▸ EXERCISE AIM
Please restate the data that follows word for word, with the pictures left out.
=-=-=
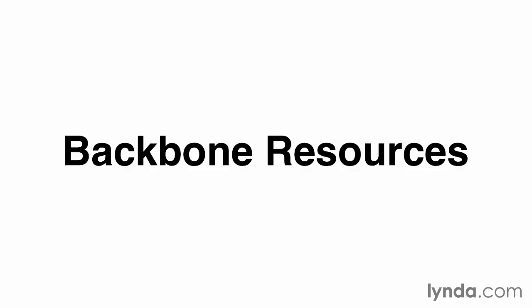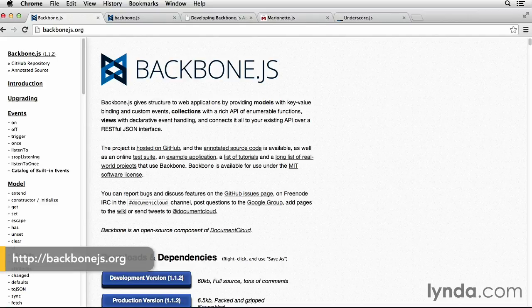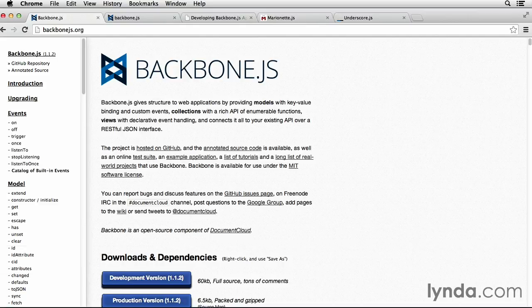Now that we've reached the end, the official Backbone documentation is your first stop. It has detailed information on all of Backbone's properties and methods. It also has a list of examples showing you how other companies have used Backbone in their projects.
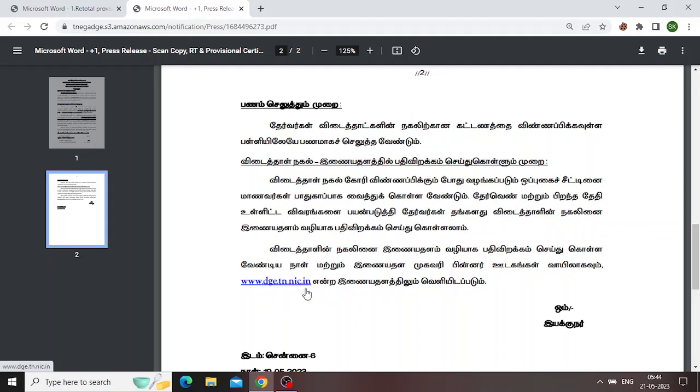If you have an answer copy, you can download the answer sheet and check it out. If you apply it, you can use the answer sheet. If you have a supplementary exam, you can use a supplementary exam.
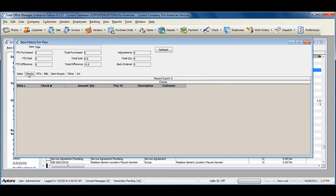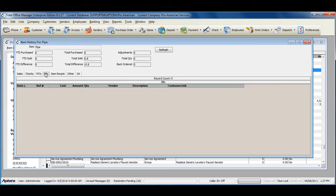The Checks tab shows where a check was written with this item selected, Purchase Orders shows purchase orders with this item, and Vendor Bills shows vendor bills with this item.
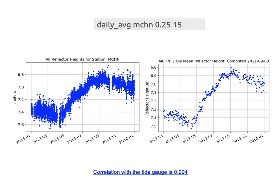When set to 25 centimeters and 15 values needed to make a daily average, you get a perfectly valid retrieval. At this particular site, the Canadians run a tide gauge, and the correlation between the GPS reflection tide gauge values and the real tide gauge is 0.994 — a very, very good correlation.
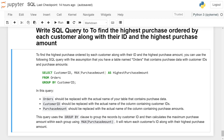The query uses the GROUP BY clause to group the records by customer ID, and then calculates the maximum purchase amount within each group using MAX(purchase_amount). It will return each customer ID along with their highest purchase amount.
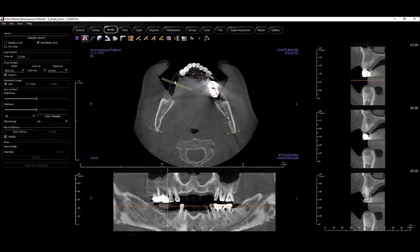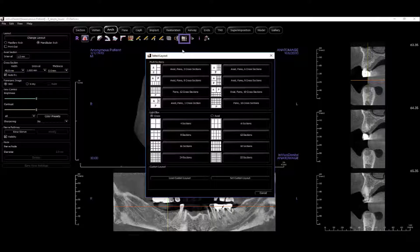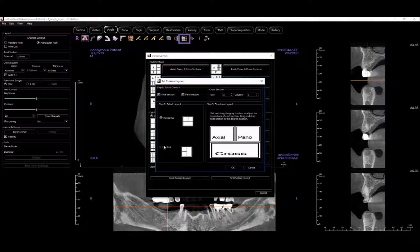This layout can be configured using the layout tool, including a new custom layout tool that provides complete design control to the user.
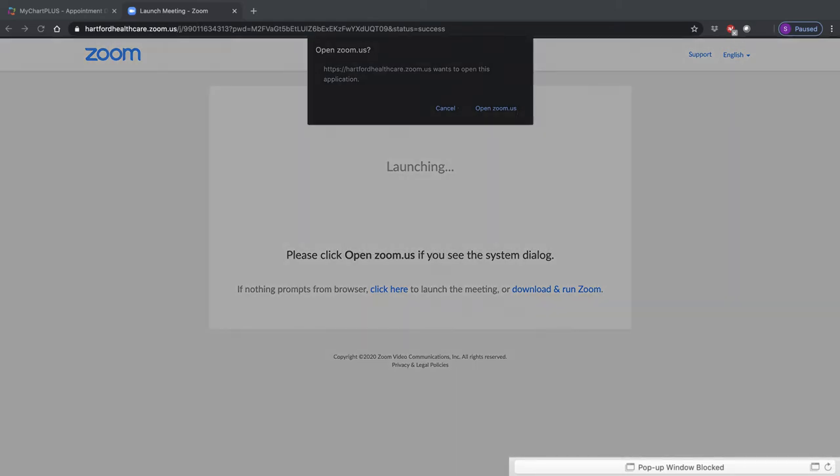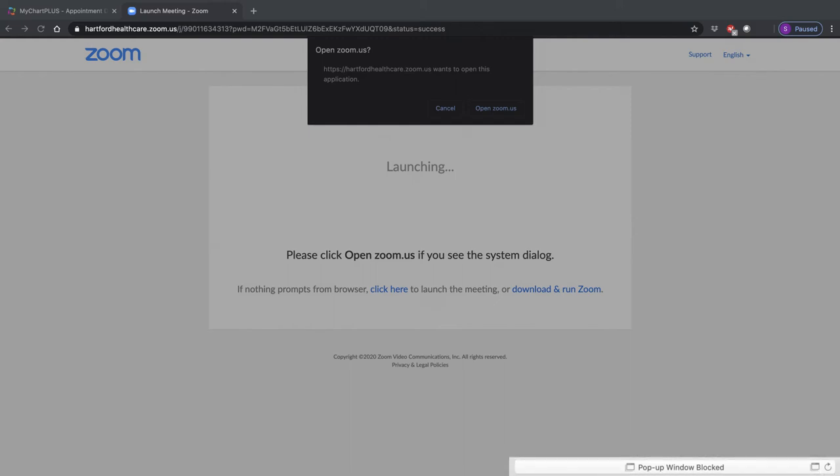If the Zoom window does not open to start your appointment at this time, you may have a pop-up blocker enabled, which prevents a new window from opening up. Many times, there is a message on the bottom or top of the browser which asks if you want to give permission for this window to open. Click on that message and allow the window to open to start your video visit.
=-=-=
▸ TASK ANSWER
Now that we've reached the end, the official Backbone documentation is your first stop. It has detailed information on all of Backbone's properties and methods. It also has a list of examples showing you how other companies have used Backbone in their projects.
If you have an answer copy, you can download the answer sheet and check it out. If you apply it, you can use the answer sheet. If you have a supplementary exam, you can use a supplementary exam.
The Checks tab shows where a check was written with this item selected, Purchase Orders shows purchase orders with this item, and Vendor Bills shows vendor bills with this item.
When set to 25 centimeters and 15 values needed to make a daily average, you get a perfectly valid retrieval. At this particular site, the Canadians run a tide gauge, and the correlation between the GPS reflection tide gauge values and the real tide gauge is 0.994 — a very, very good correlation.
The query uses the GROUP BY clause to group the records by customer ID, and then calculates the maximum purchase amount within each group using MAX(purchase_amount). It will return each customer ID along with their highest purchase amount.
This layout can be configured using the layout tool, including a new custom layout tool that provides complete design control to the user.
If the Zoom window does not open to start your appointment at this time, you may have a pop-up blocker enabled, which prevents a new window from opening up. Many times, there is a message on the bottom or top of the browser which asks if you want to give permission for this window to open. Click on that message and allow the window to open to start your video visit.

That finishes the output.